**EXERCISE DIRECTIONS:** Reproduce all of the data exactly. Images are not to appear in the reply.

**AVAILABLE DATA:**
# # # # # # #
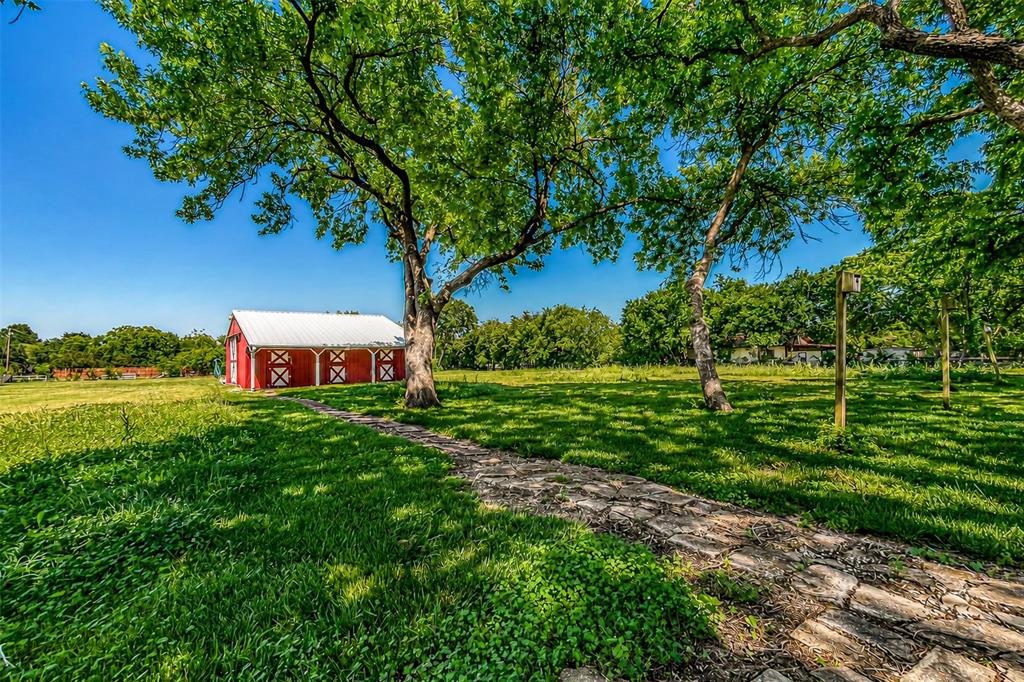 9310 Merritt Road Rowlett, TX 75089 - Photo 28 of 40 a view of a house with a yard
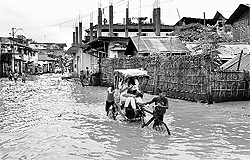 A rickshaw-puller wades through a flooded street of Dhobinala after a heavy downpour in Dimapur, Nagaland, on Friday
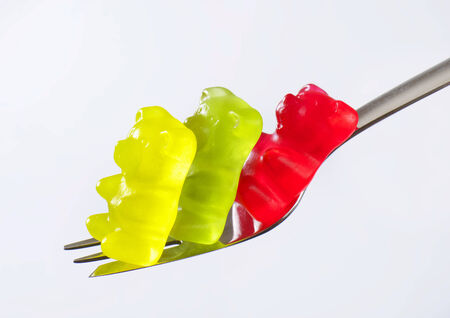 Three gummy bears on a forkの写真素材
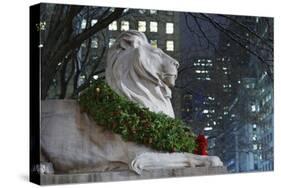 New York Public Library Lion Decorated with a Christmas Wreath during the Holidays.-Jon Hicks-Stretched Canvas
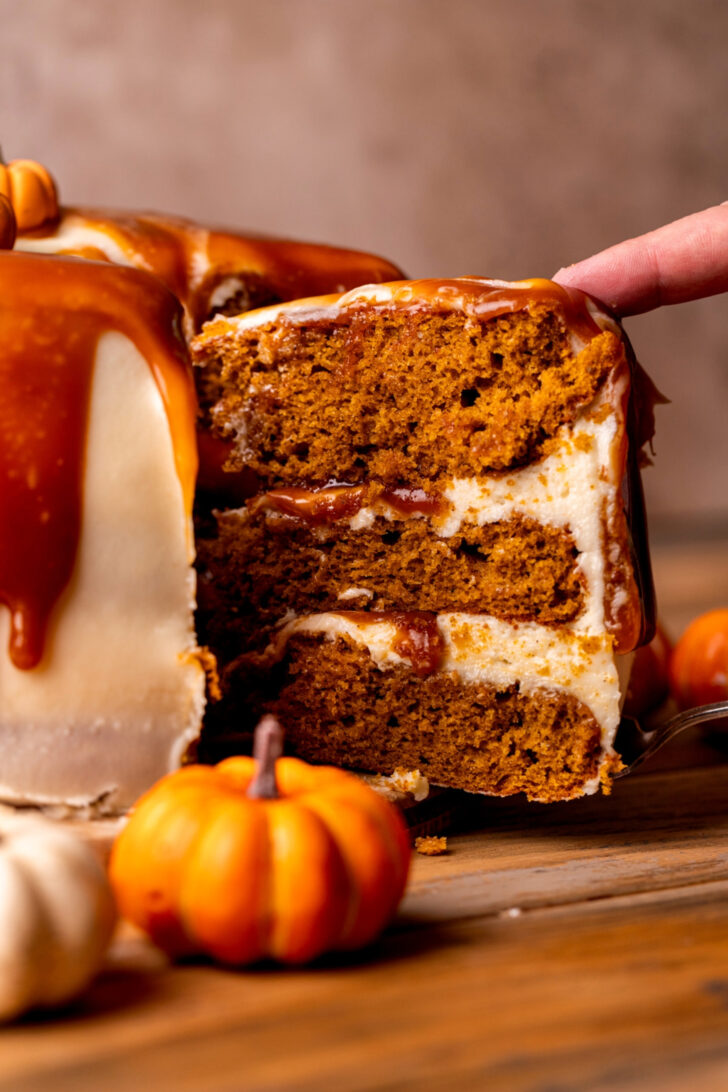 Taking a slice out of the cake.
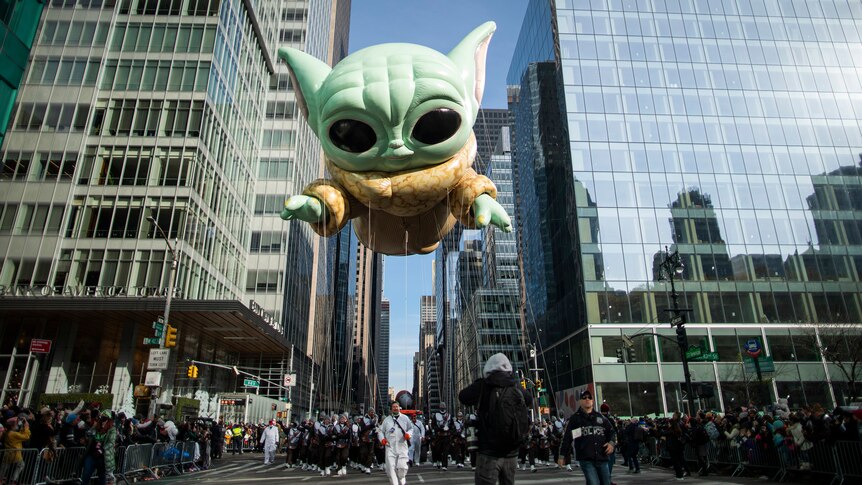 A giant inflatable of Baby Yoda floats above a parade in New York City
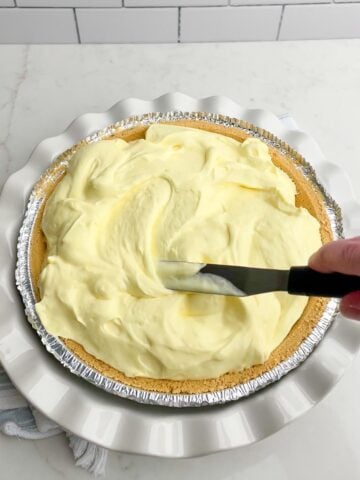 hand holding a spatula spreading jello pie filing into a graham cracker crust.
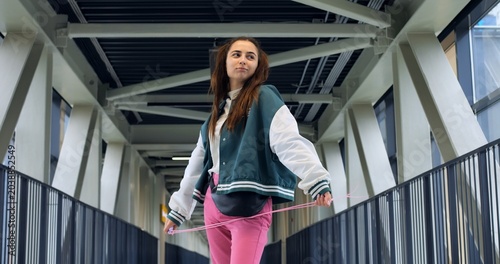 Fotografía Caucasian woman standing center on bridge wearing teal varsity jacket and pink t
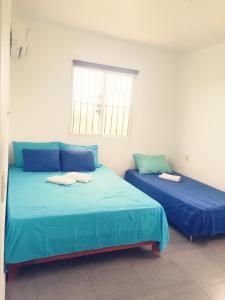 2 Betten in einem Zimmer mit blauer Bettwäsche und einem Fenster in der Unterkunft La CASA AZUL - Das blaue Haus - The blue house in Las Galeras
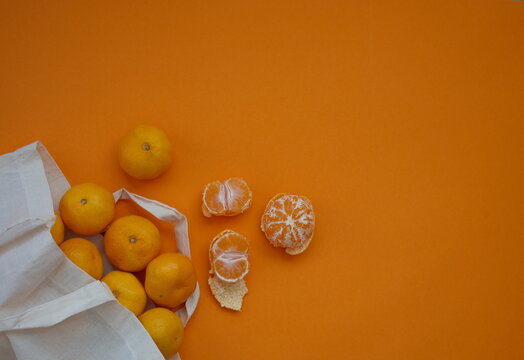 Directly Above Shot Of Tangerines In Textile Bag Against Orange Background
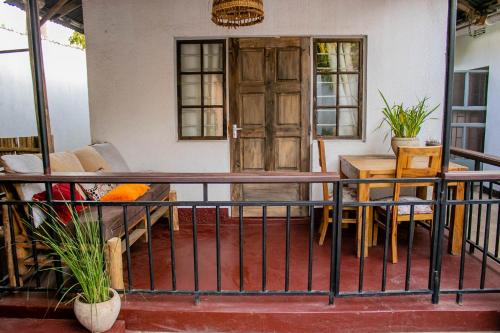 a balcony with a table and chairs and a door at Blue elephant villas in Arusha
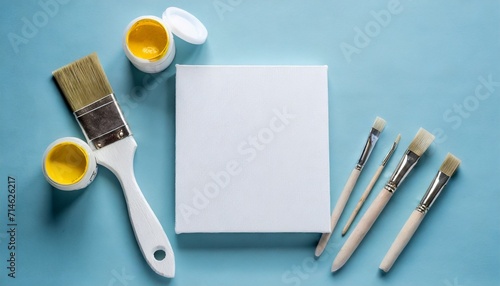 blank canvas tubes of oil paints and spatula on light blue background flat lay space for text photo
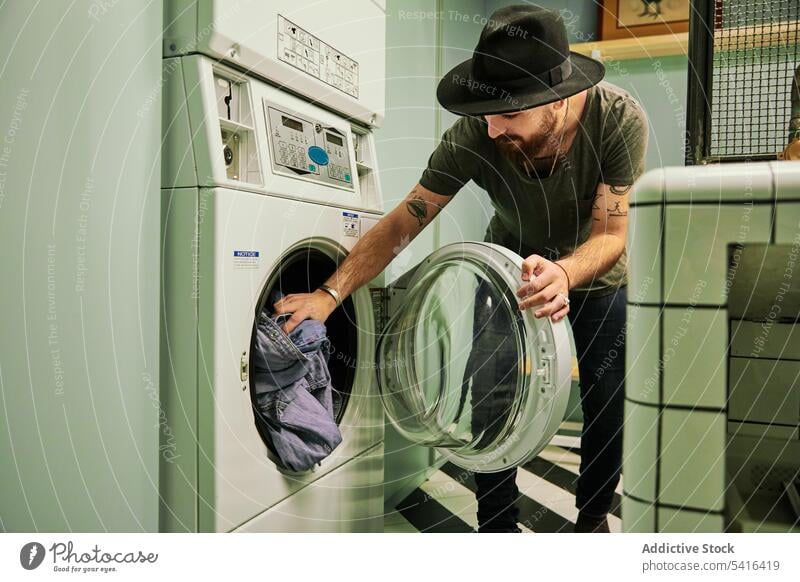 Handsome man folding laundry into washing machine handsome bearded adult model young confident male casual looking household stylish leisure stubble lifestyle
# # # # # # #
**RESPONSE FOR THIS EXERCISE:**
 9310 Merritt Road Rowlett, TX 75089 - Photo 28 of 40 a view of a house with a yard
 A rickshaw-puller wades through a flooded street of Dhobinala after a heavy downpour in Dimapur, Nagaland, on Friday
 Three gummy bears on a forkの写真素材
 New York Public Library Lion Decorated with a Christmas Wreath during the Holidays.-Jon Hicks-Stretched Canvas
 Taking a slice out of the cake.
 A giant inflatable of Baby Yoda floats above a parade in New York City
 hand holding a spatula spreading jello pie filing into a graham cracker crust.
 Fotografía Caucasian woman standing center on bridge wearing teal varsity jacket and pink t
 2 Betten in einem Zimmer mit blauer Bettwäsche und einem Fenster in der Unterkunft La CASA AZUL - Das blaue Haus - The blue house in Las Galeras
 Directly Above Shot Of Tangerines In Textile Bag Against Orange Background
 a balcony with a table and chairs and a door at Blue elephant villas in Arusha
 blank canvas tubes of oil paints and spatula on light blue background flat lay space for text photo
 Handsome man folding laundry into washing machine handsome bearded adult model young confident male casual looking household stylish leisure stubble lifestyle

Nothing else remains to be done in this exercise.